On 7 May 2003, the mother presented a divorce petition in the Principal Registry of the Family Division, relying for jurisdiction upon her domicile of origin in this country together with six months' habitual residence. She also applied to the Muslim Council in London to obtain a divorce according to Shariah law. On 26 June 2003, the father applied for a specific issue order under section 8 of the Children Act 1989 that the child be summarily returned to Saudi Arabia. He also applied for a stay of the English divorce proceedings so that matters could be dealt with in the Shariah courts there.


His case was that he accepted that the marriage was at an end, and that the child should continue in his mother's care, but that they should both return to live in Saudi Arabia. The mother applied for a residence order under the Children Act 1989. Her case was that following the breakdown of her marriage, she wished to remain in this country and that as she was the natural carer of the child, he should remain here with her.


The applications came before Mr Justice Hughes in October 2003. The principal issue was whether he should direct the summary return of the child to Saudi Arabia. Accordingly he dealt with that first. He identified six principles from the authorities. He regarded the decision as a difficult one (para 69). On balance, were it not for one factor, he would have found it in the child's best interests to be returned to Saudi Arabia for his future to be decided 'according to the norms of his own society' (para 67). The factor tipping the balance the other way, however, was that the father had raised and then withdrawn allegations about the mother's association with another man. The judge had heard expert evidence about, among other things, the effect of such allegations in Saudi Arabian Shariah law. He was 'seriously concerned that an occasion will arise in which [the child's] interests are seriously damaged by a dispute between the parents in which father deploys complaints of this kind and they have the dramatic effects that they would have in Saudi Arabia' (para 64). Hence he declined to order that the child be summarily returned to Saudi Arabia. As the father had always taken the view that the child should be looked after by the mother, he agreed that if F was not to be summarily returned to Saudi Arabia, a residence order should be made in her favour with reasonable contact to him.


The Court of Appeal held (Re J (Child Returned Abroad: Human Rights) [2004] EWCA Civ 417; [2004] 2 FLR 85, para 6) that there could be no criticism of the judge's 'impeccable direction' on the applicable legal principles. Nevertheless, they allowed the father's appeal on the ground that the judge had 'elevated this specific anxiety above a level that the evidence justified' (para 19). Accordingly it should not have had such a decisive effect in what had earlier been described as 'an otherwise balanced judgment' (para 16).

Should the Court of Appeal have intervened?

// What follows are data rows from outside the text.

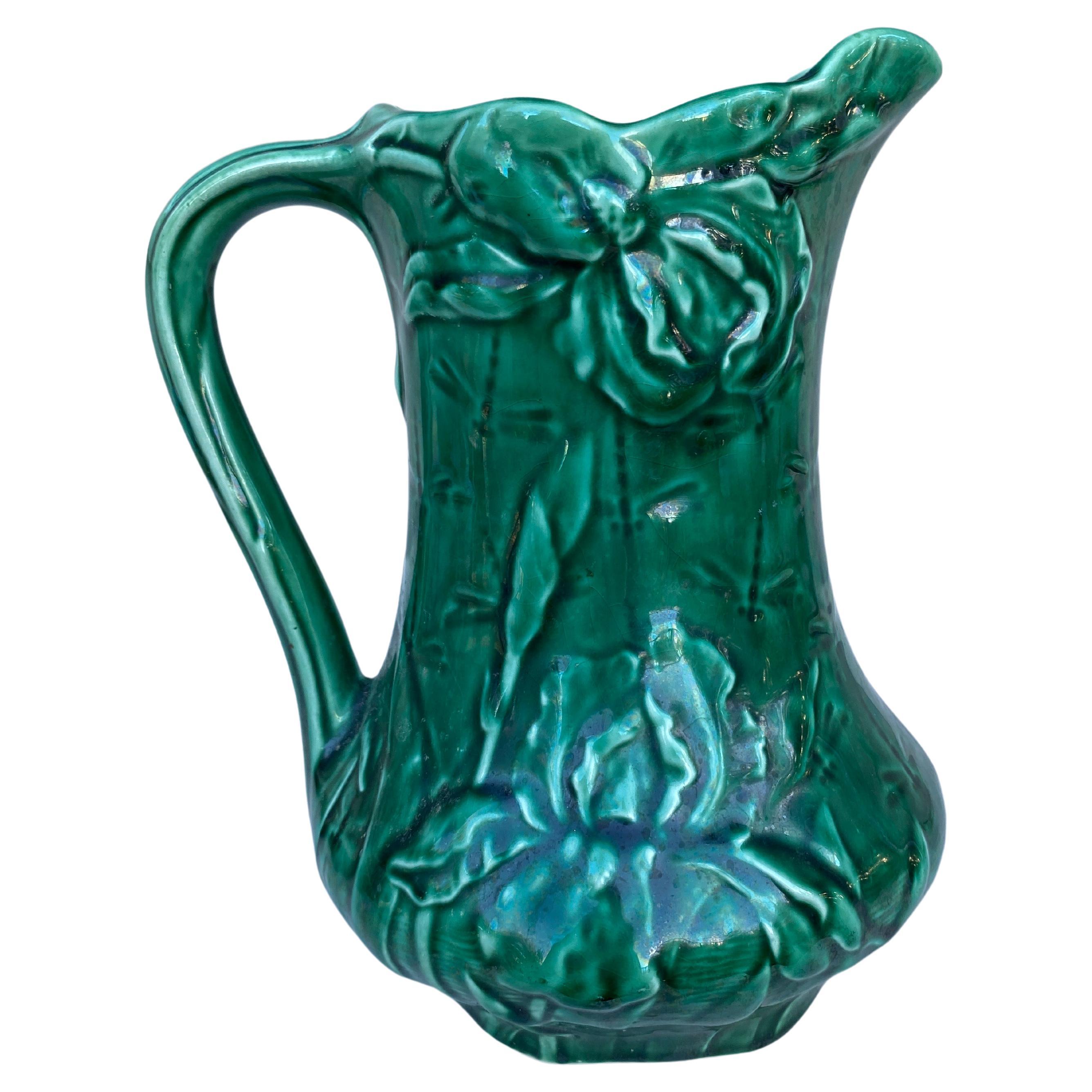 Is majolica a pottery?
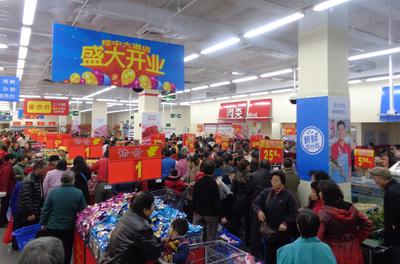 眾多市民在剛剛開業(yè)的沃爾瑪廣西來(lái)賓桂中大道店<br />搶購(gòu)各種實(shí)惠商品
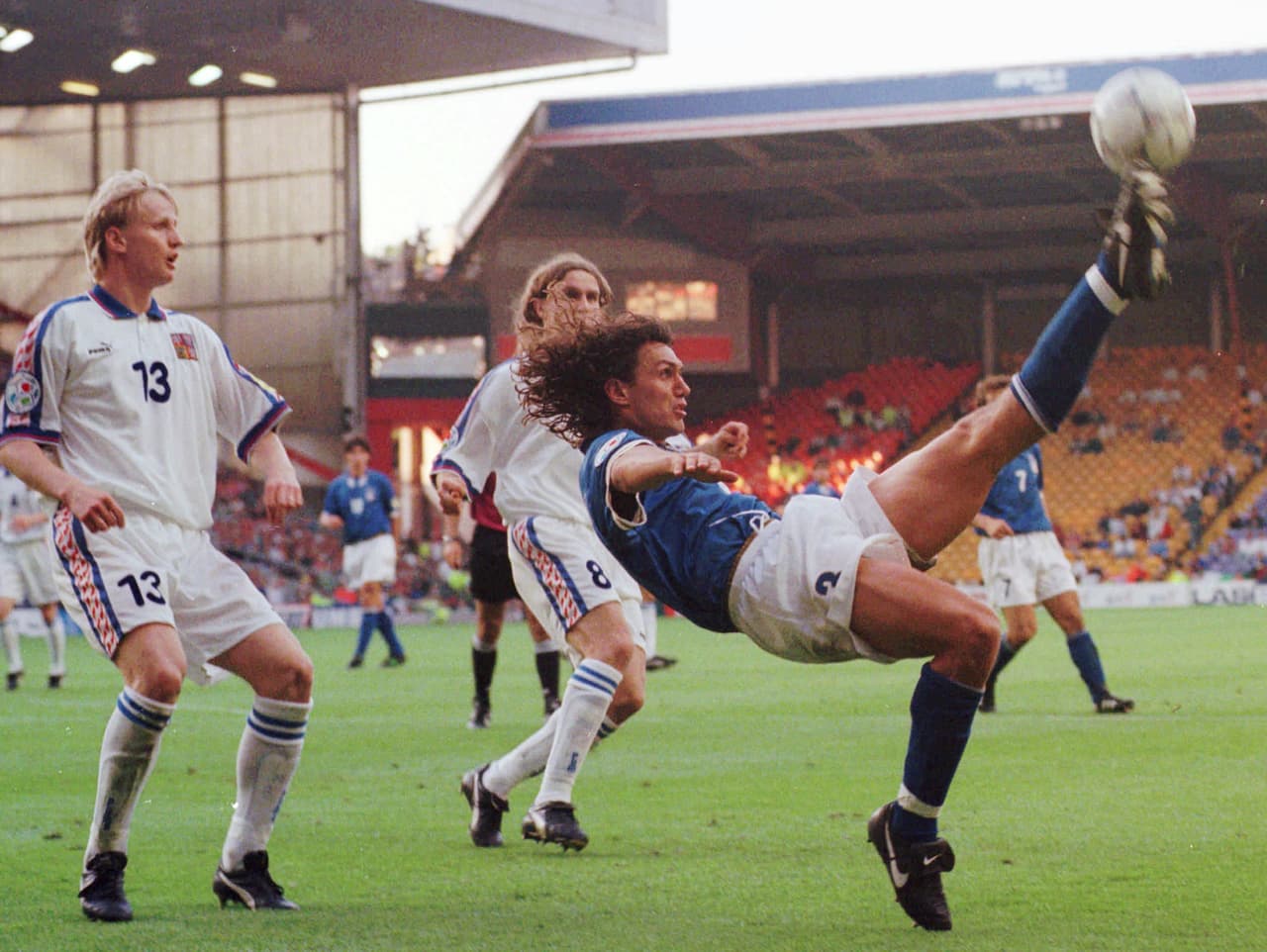 <b>2000, el gol de oro de Francia</b>
<br>La final entre Italia y los ‘bleu’ apuntaba a que los italianos se llevarían la Euro, pues ya ganaban por un tanto, pero un gol de último minuto los llevó a tiempo extra, donde Trezeguet realizó el gol de oro.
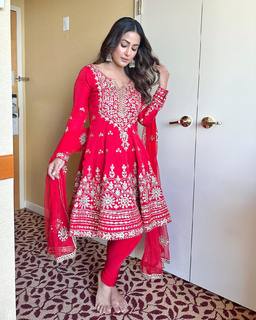 Hina Khan feet photo thumbnail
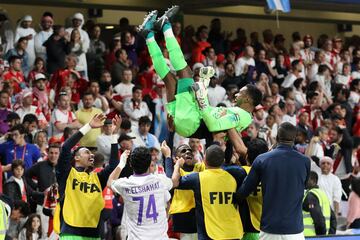 Khalid Eisa dio el acceso a los asi¨¢ticos a la final del Mundial de Clubes 2018 con una magn¨ªfica estirada ante el lanzamiento de Enzo P¨¦rez.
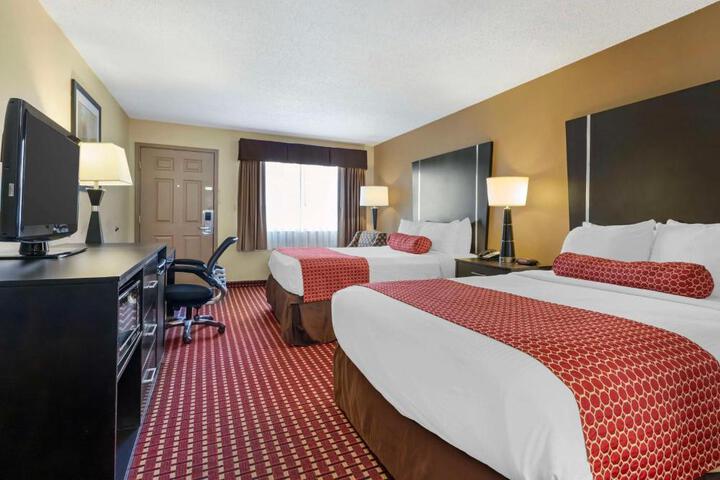 2 Queen Beds Microwave, Refrigerator WiFi Full Breakfast (4 of 7)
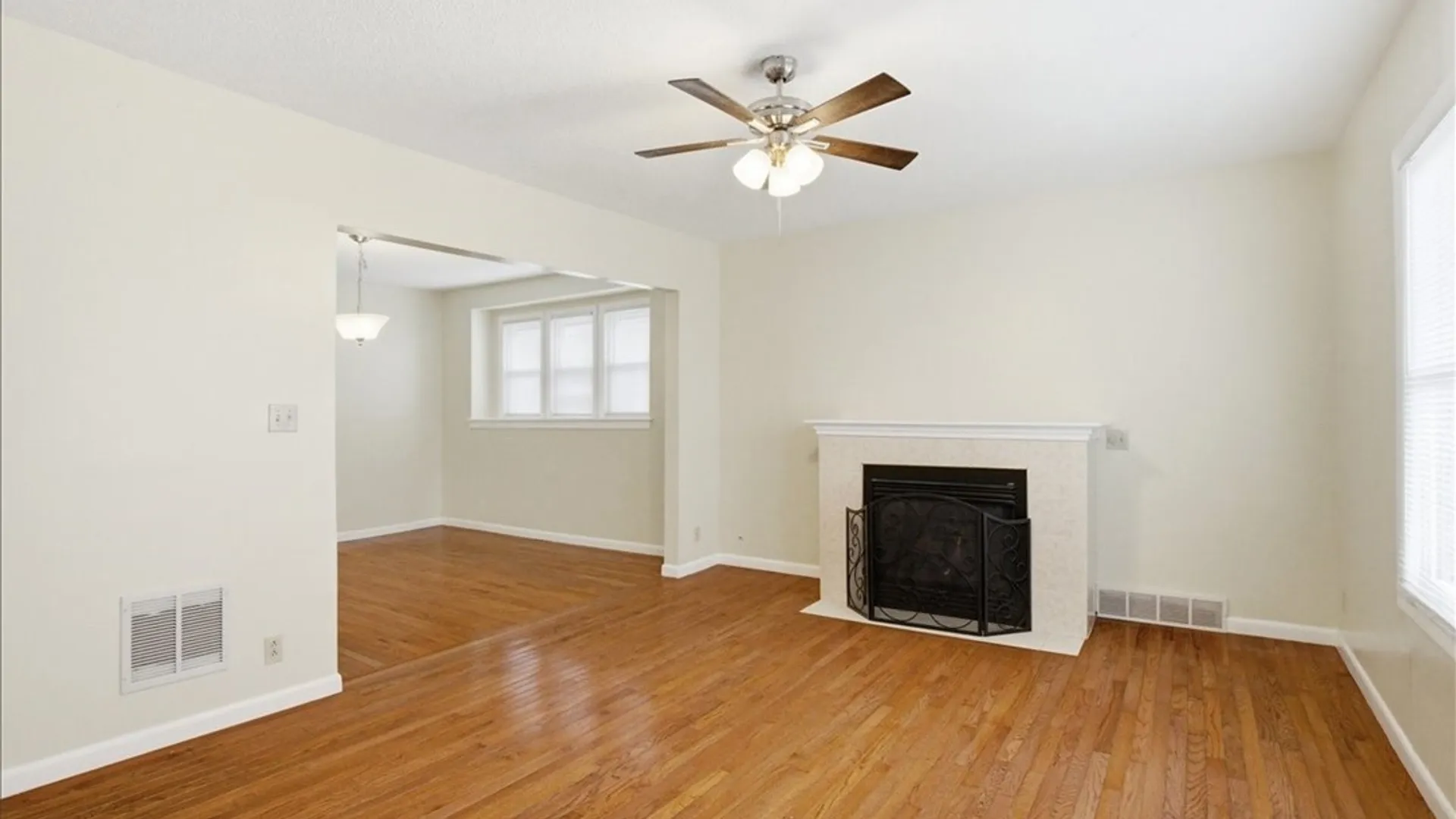 Property at 315 Crestwood Avenue, Buffalo, NY 14216 25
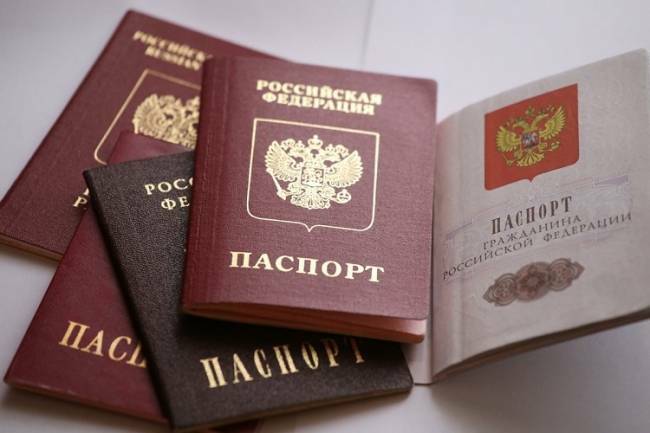 VISC напомнил о важности вовремя подать заявку на тест на знание госязыка, чтобы сохранить ВНЖ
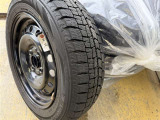 雪国の必需品、冬タイヤ有りです。
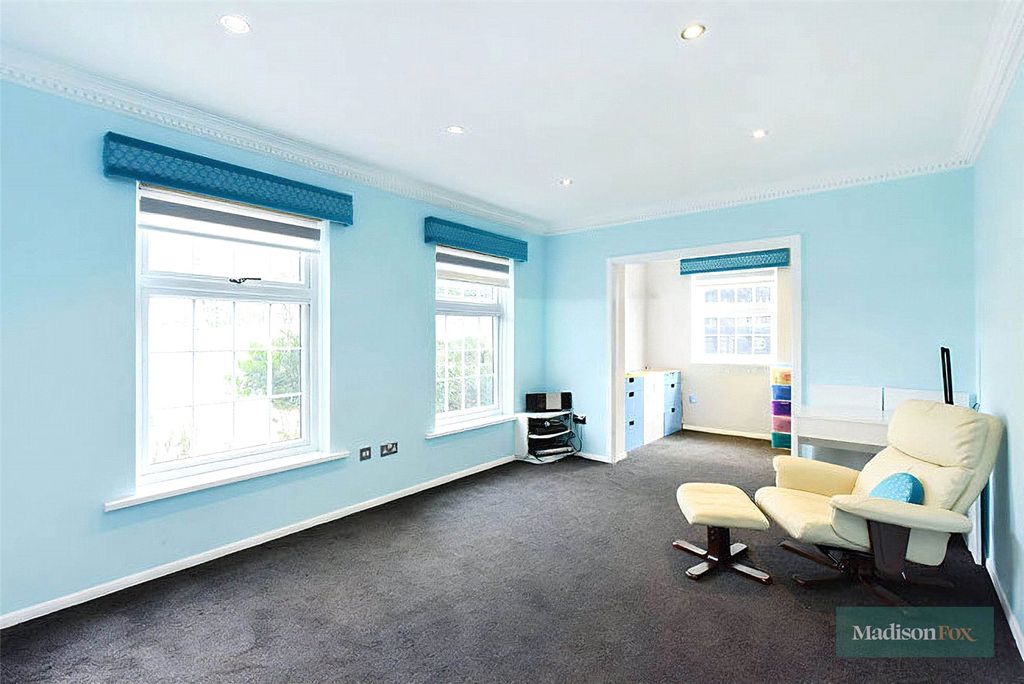 Additional image 10 of 5 bed property to rentTomswood Road, Chigwell, Essex IG7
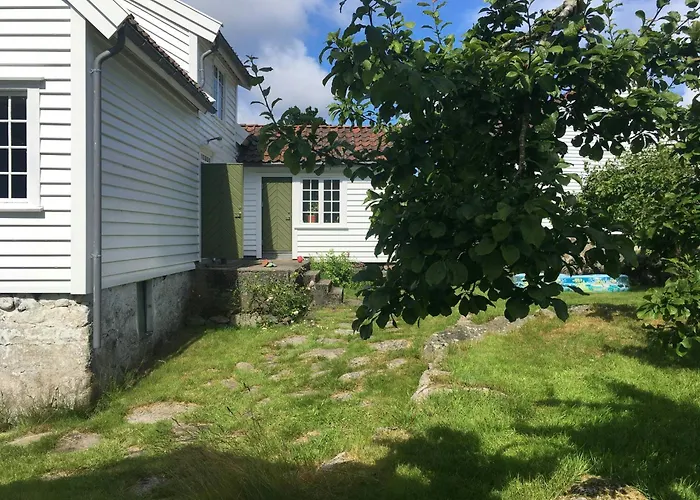 Casa de Férias Idyllic From 1840 With Sea View In Spind *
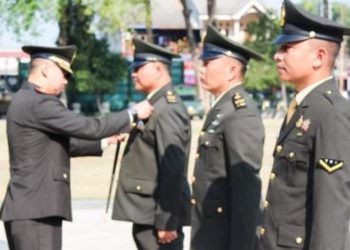 Penganugrahan Tanda Kehormatan kepada anggota Kodim Bojonegoro dalam upacara peringatan HUT ke- 78 TN  tahun 2023  di Alun-Alun Bojonegoro.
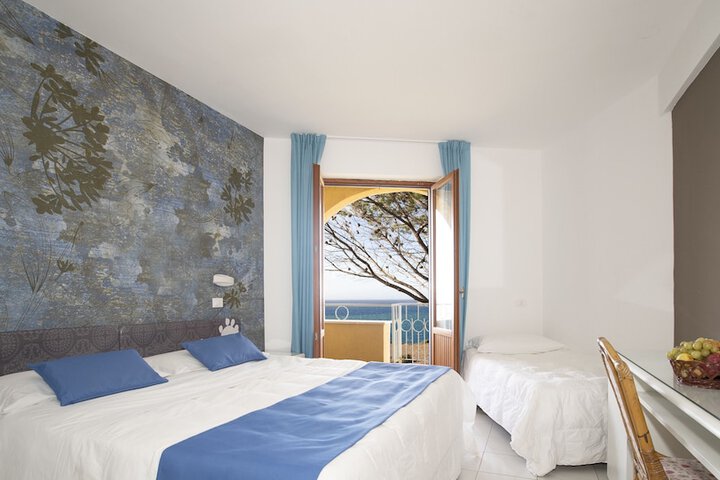 Room 14 of 85
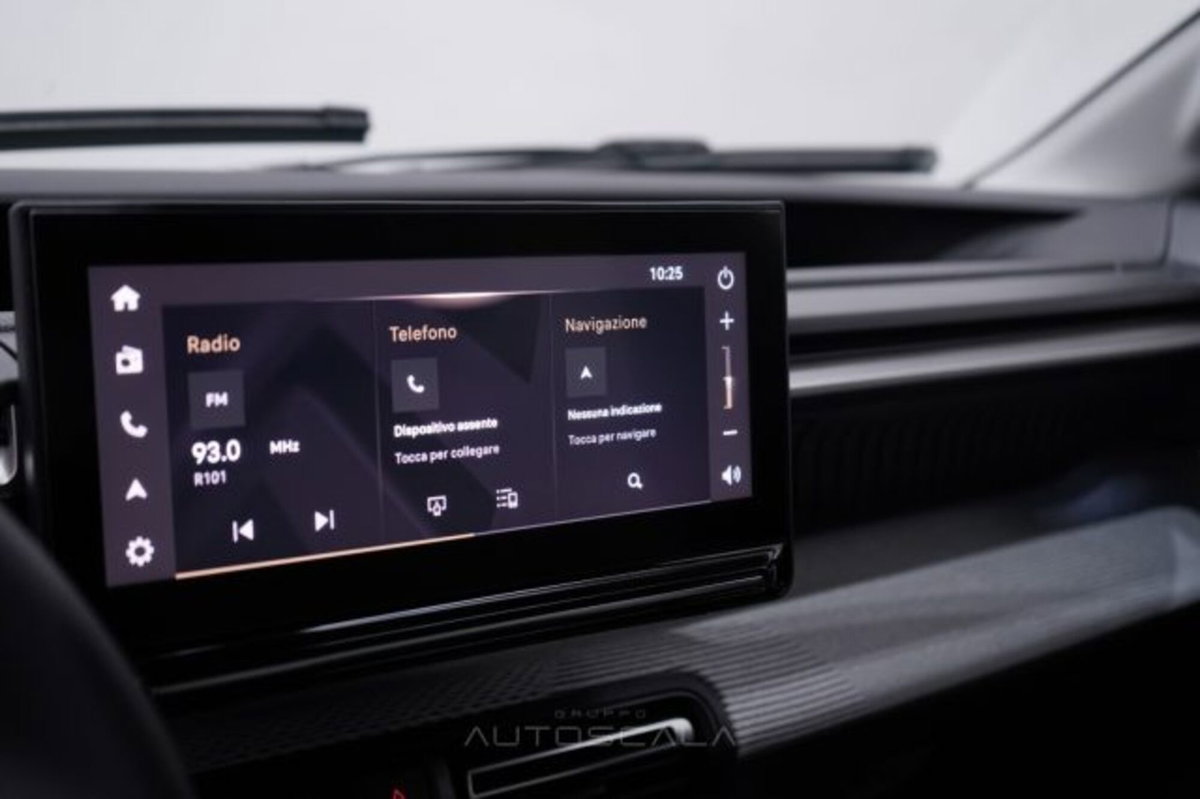 Citroen C5 Aircross 1.2 hybrid Max 136cv e-dcs6 (15)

The Court of Appeal appears to have intervened on the basis, first, that the judge's conclusion on the risk was not justified by the evidence and second, that he had given it too much weight in his overall conclusion. Yet the assessment of the risk depended entirely on the judge's evaluation of the father's present intentions and likely future behaviour and its impact upon the child. There was objective evidence of the risk in the fact that the father had made the allegations in writing and then withdrawn them when he saw that they were damaging rather than helping his case. Whether he might do so again depended crucially on the judge's evaluation of his oral evidence. The judge was the only person who could do this. He concluded that, while the father was sincere in his current intention not to raise such allegations again, there was a serious risk that if disputes arose in future, as they might easily do, he would resurrect them. These were findings of credibility and primary fact with which, for all the reasons explained by Lord Hoffmann in Piglowska v Piglowski [1999] 1 WLR 1360, at pp 1372-3, an appeal court is not entitled to interfere.


Furthermore, once the judge has made such a finding, it becomes a factor to be weighed in the balance in the exercise of his discretion. To say that it should not have tipped the balance in a case such as this, which the judge regarded as a difficult one, is tantamount to saying that it should not have been taken into account at all or that the other considerations were so strongly in favour of return that it should not have been allowed to outweigh them. But even the brief account of the facts given above shows that this was not a case in which all other considerations pointed only one way. The age of the child, the length of time he had lived here and the substantial connection of both mother and child with this country were all relevant.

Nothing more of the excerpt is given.